Task prompt:
Which lines of the entries below run from the one holding "Land In Corfu, Greece" to the one holding "1040 Spath Road", inclusive? Set down exactly those lines and no others.
- Opening Delimiter -
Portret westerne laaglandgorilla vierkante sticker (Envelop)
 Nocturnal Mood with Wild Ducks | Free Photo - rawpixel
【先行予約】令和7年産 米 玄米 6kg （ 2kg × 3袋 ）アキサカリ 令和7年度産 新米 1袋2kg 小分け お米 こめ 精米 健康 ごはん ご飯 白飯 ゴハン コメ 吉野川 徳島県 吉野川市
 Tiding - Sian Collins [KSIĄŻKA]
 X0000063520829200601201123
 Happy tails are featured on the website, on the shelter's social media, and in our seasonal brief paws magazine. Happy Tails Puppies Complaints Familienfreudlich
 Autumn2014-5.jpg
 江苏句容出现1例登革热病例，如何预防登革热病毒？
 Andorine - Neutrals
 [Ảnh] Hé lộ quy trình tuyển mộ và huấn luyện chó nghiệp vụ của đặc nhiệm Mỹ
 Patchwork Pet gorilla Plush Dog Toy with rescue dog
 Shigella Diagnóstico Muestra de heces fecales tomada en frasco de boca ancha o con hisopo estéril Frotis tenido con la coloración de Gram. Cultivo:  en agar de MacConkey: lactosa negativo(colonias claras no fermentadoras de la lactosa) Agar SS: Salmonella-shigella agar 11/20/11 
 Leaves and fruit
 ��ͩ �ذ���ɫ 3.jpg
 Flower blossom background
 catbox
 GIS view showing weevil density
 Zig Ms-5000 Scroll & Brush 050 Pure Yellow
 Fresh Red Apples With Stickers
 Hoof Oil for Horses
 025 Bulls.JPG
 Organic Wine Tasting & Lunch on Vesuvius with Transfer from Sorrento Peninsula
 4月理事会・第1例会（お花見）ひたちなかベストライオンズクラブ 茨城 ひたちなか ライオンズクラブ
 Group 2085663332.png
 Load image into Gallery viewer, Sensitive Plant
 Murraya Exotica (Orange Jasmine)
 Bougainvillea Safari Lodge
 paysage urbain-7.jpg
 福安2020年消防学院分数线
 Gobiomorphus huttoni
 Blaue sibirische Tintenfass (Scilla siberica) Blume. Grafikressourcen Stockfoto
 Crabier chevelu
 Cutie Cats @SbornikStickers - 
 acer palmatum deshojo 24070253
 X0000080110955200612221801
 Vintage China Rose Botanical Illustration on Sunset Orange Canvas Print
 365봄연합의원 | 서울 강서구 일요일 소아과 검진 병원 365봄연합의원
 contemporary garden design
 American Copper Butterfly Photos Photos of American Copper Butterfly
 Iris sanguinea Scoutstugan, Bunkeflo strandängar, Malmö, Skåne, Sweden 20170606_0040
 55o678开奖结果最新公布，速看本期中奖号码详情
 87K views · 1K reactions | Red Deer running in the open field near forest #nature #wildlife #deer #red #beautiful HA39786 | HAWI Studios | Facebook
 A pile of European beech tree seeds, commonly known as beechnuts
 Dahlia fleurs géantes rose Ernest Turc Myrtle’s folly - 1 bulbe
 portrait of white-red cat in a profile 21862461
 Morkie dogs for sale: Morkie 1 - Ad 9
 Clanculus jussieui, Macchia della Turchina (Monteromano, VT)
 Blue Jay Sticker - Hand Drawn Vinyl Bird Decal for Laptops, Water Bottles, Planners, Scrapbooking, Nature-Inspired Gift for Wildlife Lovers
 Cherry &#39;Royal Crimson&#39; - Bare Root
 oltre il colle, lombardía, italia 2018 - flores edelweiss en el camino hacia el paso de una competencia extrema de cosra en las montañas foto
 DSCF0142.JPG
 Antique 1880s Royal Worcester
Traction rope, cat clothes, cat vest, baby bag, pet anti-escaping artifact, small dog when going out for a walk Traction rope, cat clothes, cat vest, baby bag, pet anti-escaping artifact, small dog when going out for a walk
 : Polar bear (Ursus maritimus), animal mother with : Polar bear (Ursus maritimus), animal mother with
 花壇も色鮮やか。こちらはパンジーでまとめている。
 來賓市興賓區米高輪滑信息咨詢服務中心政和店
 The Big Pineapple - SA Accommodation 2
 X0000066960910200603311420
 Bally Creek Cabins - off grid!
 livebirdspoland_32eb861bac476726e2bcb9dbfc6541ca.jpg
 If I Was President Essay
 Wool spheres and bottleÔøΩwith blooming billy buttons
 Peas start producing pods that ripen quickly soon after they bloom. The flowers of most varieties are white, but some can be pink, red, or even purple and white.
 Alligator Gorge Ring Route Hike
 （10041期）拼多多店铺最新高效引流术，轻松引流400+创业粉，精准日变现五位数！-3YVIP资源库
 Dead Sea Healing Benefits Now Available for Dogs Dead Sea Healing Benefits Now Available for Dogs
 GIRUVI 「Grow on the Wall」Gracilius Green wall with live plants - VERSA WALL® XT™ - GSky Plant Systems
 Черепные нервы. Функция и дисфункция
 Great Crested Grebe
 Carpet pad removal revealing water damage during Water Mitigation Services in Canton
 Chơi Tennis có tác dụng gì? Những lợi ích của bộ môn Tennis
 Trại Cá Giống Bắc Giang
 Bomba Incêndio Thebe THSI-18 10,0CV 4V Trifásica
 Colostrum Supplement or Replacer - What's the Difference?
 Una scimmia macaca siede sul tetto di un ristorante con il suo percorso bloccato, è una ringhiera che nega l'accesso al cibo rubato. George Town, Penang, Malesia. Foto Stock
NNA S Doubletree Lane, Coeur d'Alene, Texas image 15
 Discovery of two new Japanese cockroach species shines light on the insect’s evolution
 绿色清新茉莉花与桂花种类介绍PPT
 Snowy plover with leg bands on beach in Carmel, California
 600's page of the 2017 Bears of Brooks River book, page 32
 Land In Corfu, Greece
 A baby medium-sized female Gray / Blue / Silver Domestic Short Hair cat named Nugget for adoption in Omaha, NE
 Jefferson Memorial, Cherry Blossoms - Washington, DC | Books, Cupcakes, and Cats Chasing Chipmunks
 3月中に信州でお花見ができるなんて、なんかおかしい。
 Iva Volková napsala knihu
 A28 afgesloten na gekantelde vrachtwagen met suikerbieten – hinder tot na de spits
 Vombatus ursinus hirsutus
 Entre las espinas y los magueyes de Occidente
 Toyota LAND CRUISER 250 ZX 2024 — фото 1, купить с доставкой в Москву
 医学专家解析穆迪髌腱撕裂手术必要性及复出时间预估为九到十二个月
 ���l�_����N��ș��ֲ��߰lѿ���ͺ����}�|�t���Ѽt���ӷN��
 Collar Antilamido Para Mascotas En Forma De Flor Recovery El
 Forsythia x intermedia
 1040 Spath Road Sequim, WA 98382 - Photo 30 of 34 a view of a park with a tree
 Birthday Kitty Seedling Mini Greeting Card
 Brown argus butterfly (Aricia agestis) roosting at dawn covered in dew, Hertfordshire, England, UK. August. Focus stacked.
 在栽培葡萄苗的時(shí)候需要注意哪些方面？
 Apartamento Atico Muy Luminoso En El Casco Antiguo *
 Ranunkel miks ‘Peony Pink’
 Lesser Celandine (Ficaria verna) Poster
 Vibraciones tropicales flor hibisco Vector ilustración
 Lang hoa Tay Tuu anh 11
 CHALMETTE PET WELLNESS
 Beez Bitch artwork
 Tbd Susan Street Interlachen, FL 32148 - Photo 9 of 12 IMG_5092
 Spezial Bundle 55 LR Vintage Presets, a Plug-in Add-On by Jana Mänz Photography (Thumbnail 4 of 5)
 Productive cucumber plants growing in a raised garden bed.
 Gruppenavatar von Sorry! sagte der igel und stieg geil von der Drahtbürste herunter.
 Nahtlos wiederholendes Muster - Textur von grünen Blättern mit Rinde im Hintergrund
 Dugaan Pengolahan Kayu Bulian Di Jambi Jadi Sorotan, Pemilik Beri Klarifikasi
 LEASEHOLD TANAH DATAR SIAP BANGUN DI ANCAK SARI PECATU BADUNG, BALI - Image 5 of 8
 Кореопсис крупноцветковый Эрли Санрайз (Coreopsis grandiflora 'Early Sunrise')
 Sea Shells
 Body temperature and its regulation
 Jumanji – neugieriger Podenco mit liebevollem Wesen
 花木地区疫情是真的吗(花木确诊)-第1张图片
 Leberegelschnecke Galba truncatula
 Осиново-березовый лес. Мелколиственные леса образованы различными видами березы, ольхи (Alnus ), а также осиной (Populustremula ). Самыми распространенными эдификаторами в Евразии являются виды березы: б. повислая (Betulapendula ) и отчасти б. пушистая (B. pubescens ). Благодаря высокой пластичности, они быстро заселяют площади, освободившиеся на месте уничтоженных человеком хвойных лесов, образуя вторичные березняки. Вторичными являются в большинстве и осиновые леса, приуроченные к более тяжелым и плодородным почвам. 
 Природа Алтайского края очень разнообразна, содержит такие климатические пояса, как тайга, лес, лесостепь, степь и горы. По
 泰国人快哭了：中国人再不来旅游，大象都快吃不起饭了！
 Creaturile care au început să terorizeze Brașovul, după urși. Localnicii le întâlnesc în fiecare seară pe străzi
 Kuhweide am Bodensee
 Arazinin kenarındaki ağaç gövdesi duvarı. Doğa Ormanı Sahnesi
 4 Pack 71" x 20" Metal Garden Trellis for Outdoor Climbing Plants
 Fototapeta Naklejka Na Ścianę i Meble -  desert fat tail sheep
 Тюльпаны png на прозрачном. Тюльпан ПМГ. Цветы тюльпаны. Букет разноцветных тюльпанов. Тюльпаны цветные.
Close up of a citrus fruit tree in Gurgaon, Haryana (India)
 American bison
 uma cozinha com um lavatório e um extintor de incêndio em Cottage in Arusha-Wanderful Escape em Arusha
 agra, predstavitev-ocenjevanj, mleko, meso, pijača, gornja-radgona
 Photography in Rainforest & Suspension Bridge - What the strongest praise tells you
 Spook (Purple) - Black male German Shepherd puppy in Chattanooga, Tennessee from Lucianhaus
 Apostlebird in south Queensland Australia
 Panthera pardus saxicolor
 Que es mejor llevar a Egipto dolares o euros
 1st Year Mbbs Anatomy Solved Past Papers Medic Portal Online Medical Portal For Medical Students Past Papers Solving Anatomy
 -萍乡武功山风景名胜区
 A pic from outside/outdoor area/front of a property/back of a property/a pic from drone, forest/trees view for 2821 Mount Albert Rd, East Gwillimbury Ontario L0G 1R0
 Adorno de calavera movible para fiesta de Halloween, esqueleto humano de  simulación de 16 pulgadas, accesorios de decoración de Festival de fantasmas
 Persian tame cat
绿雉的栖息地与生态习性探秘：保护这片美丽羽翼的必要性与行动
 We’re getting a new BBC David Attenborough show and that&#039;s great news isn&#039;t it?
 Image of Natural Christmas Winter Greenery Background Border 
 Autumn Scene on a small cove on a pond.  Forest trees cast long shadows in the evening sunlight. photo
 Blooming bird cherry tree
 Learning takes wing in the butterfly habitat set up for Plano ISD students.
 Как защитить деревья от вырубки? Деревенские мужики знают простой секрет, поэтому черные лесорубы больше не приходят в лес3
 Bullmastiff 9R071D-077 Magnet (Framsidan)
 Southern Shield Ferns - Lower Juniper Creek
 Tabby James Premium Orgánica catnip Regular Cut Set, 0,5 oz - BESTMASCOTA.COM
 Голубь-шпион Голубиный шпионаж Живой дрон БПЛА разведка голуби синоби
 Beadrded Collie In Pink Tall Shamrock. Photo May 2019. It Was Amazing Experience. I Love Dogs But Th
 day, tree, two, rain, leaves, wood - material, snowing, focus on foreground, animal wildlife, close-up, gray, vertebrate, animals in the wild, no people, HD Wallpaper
- Closing Delimiter -
Output of the exercise:
 Land In Corfu, Greece
 A baby medium-sized female Gray / Blue / Silver Domestic Short Hair cat named Nugget for adoption in Omaha, NE
 Jefferson Memorial, Cherry Blossoms - Washington, DC | Books, Cupcakes, and Cats Chasing Chipmunks
 3月中に信州でお花見ができるなんて、なんかおかしい。
 Iva Volková napsala knihu
 A28 afgesloten na gekantelde vrachtwagen met suikerbieten – hinder tot na de spits
 Vombatus ursinus hirsutus
 Entre las espinas y los magueyes de Occidente
 Toyota LAND CRUISER 250 ZX 2024 — фото 1, купить с доставкой в Москву
 医学专家解析穆迪髌腱撕裂手术必要性及复出时间预估为九到十二个月
 ���l�_����N��ș��ֲ��߰lѿ���ͺ����}�|�t���Ѽt���ӷN��
 Collar Antilamido Para Mascotas En Forma De Flor Recovery El
 Forsythia x intermedia
 1040 Spath Road Sequim, WA 98382 - Photo 30 of 34 a view of a park with a tree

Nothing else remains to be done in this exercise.